James Clark donated his original painting to the War Relief Charity Sale at the Royal Academy and it was bought by Queen Mary, who gave it to her aunt-by-marriage, Princess Beatrice (Queen Victoria’s youngest child), whose son, Prince Maurice of Battenberg, had been killed in France early in the war. After the war, Princess Beatrice donated the painting to St. Mildred’s church on the Isle of Wight to hang in the Battenberg Chapel there.
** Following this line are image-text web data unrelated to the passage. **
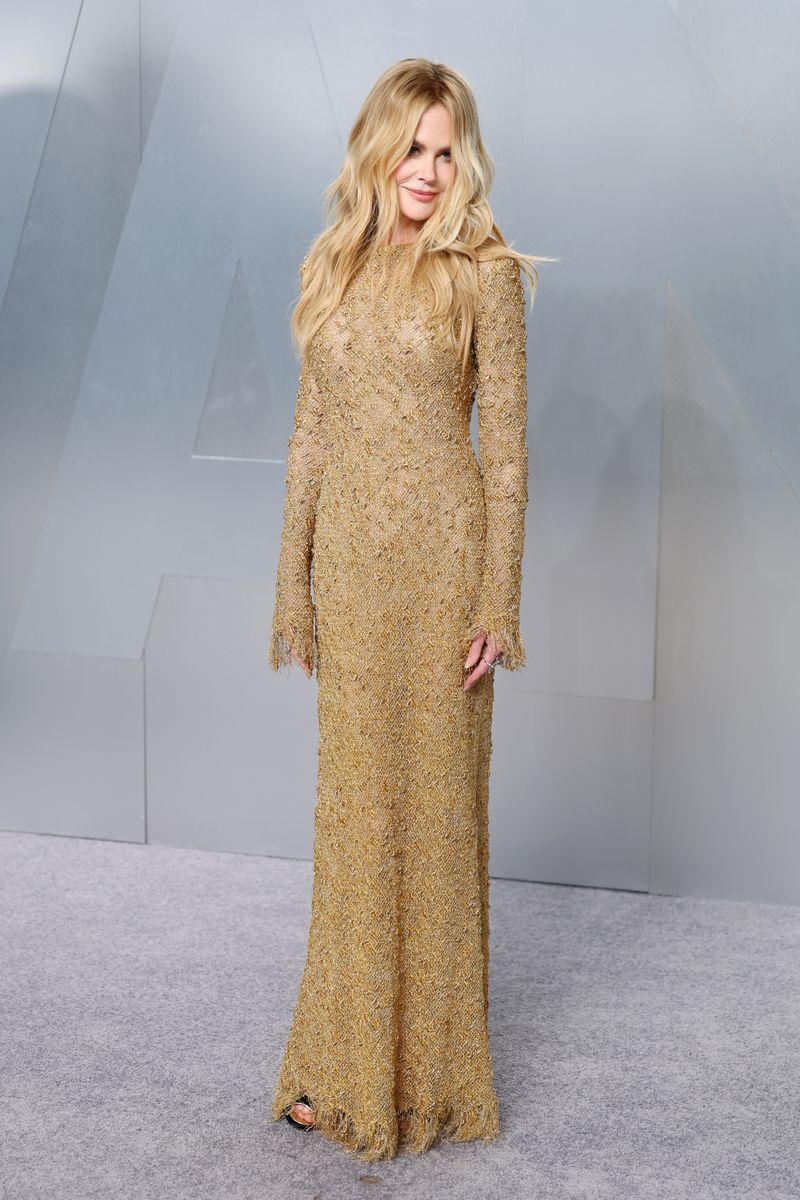 Nicole Kidman stole more than just the spotlight at the Vanity Fair Oscar Party 2026, she stole the scene entirely, however unintentionally.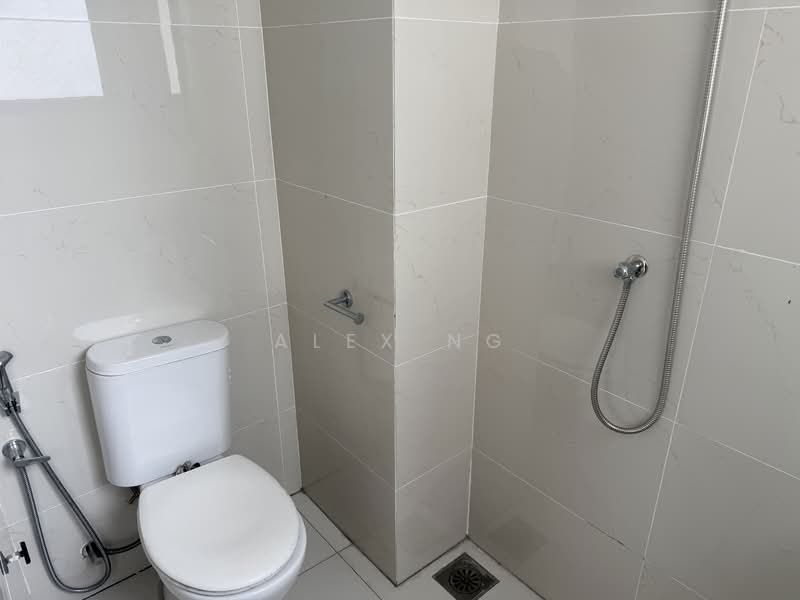 Condominium for Sale at Kings Bay @ Country Garden Danga Bay - Alex Ng - Bathroom - PropertyGuru.com.my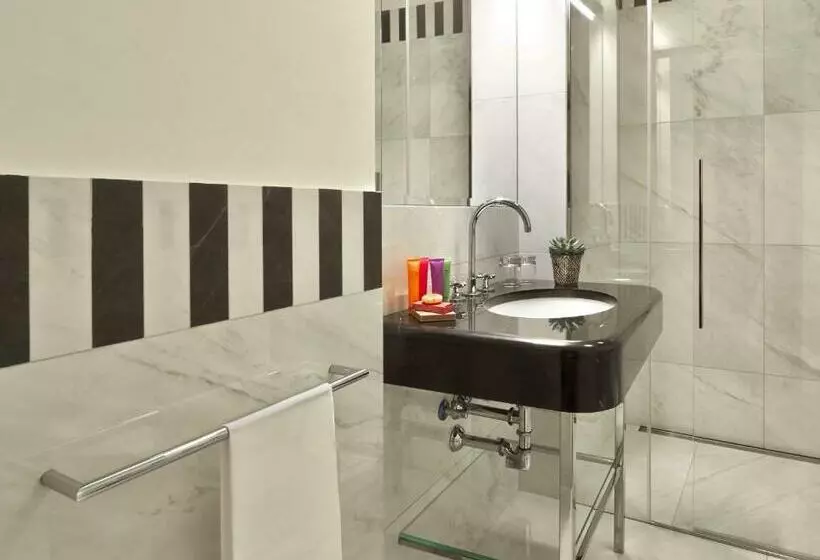 Quarto superior, Albergo Terminus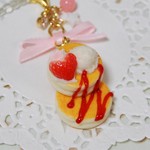 【ストロベリー】小さなホットケーキ／ストラップ&イヤホンジャック付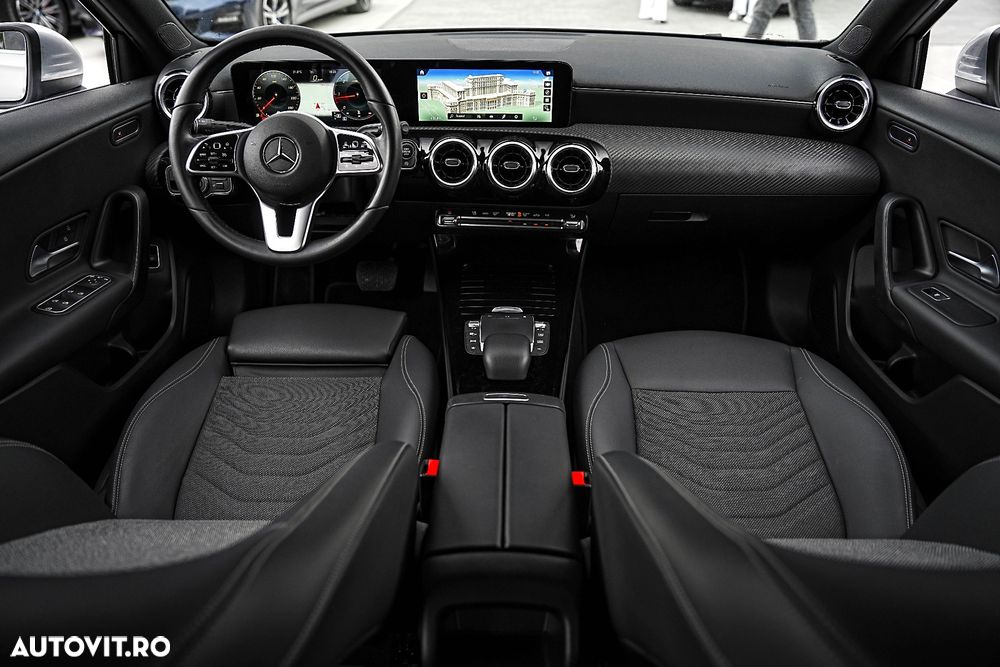Mercedes-Benz A 200 d Sedan 8G-DCT Style - 6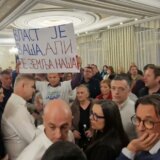 (VIDEO) "Valjevo nije na prodaju": Meštani prekinuli tribinu Rio Tinta 3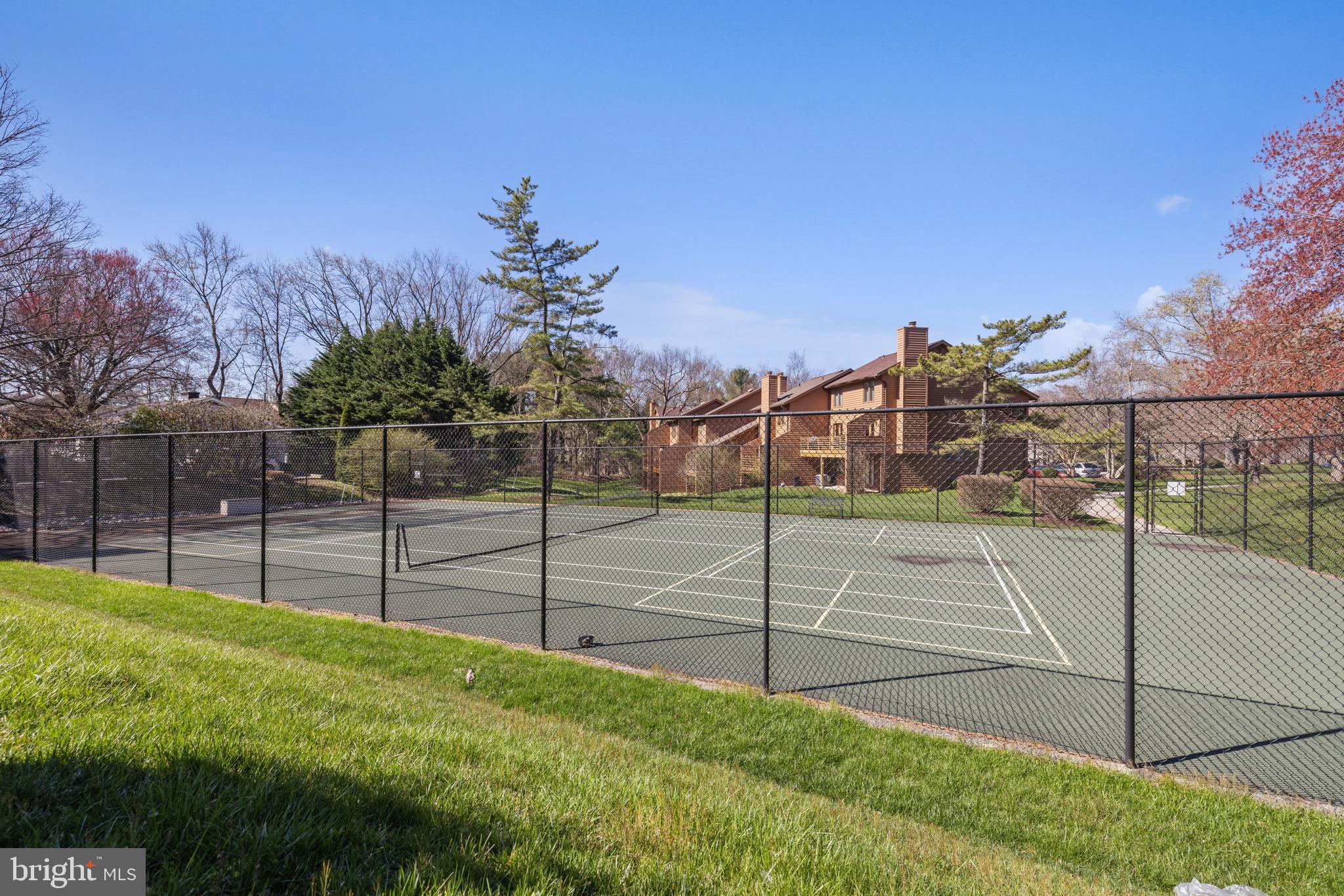 5557 SUFFIELD COURT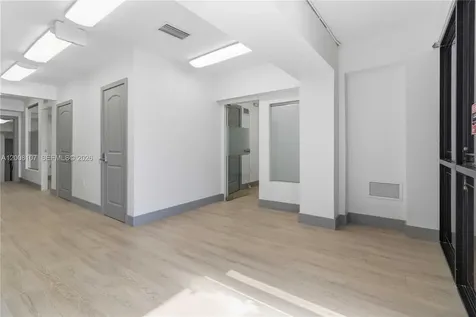 470 NW 22nd Avenue Miami FL 33125
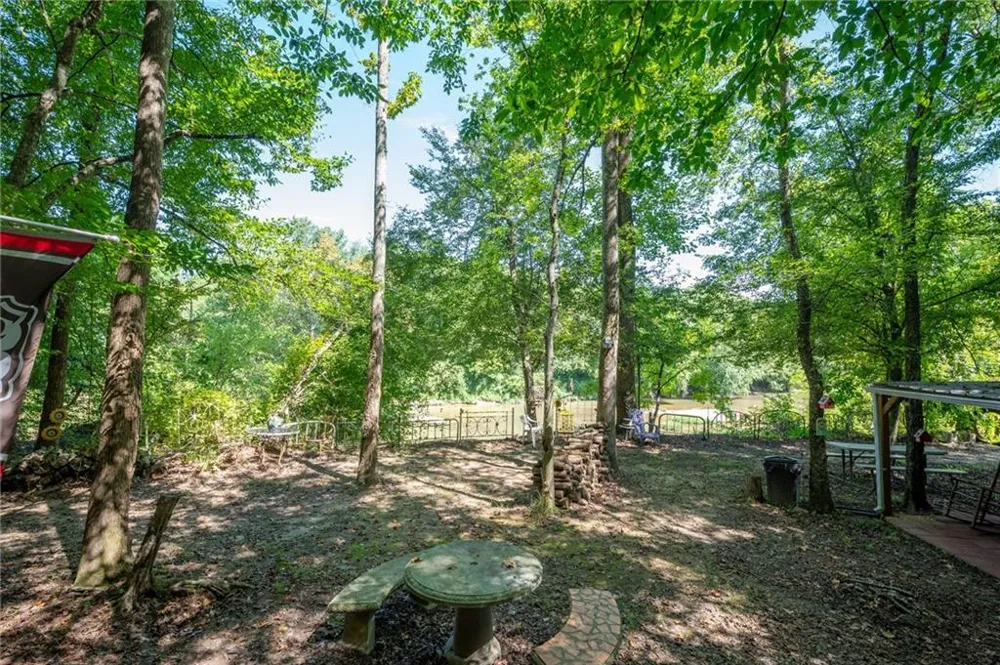 669 Nicklesville Road NE Resaca, GA 30735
Clark returned to his native West Hartlepool after it had been shelled by German ships out in the North Sea, which resulted in great loss of life and public outrage that civilians had been targeted. He painted what is probably his second most famous painting, The Bombardment of the Hartlepools, (16th December, 1914).

After the war, Clark designed war memorials and stained-glass windows, of which our window is a fine example. He died in Reigate, Surrey in 1943. If you would like to see more of his work, log on to the Art UK website and select Artists, type in his name and you will be able to see images of the 25 works of his which are held in British public collections.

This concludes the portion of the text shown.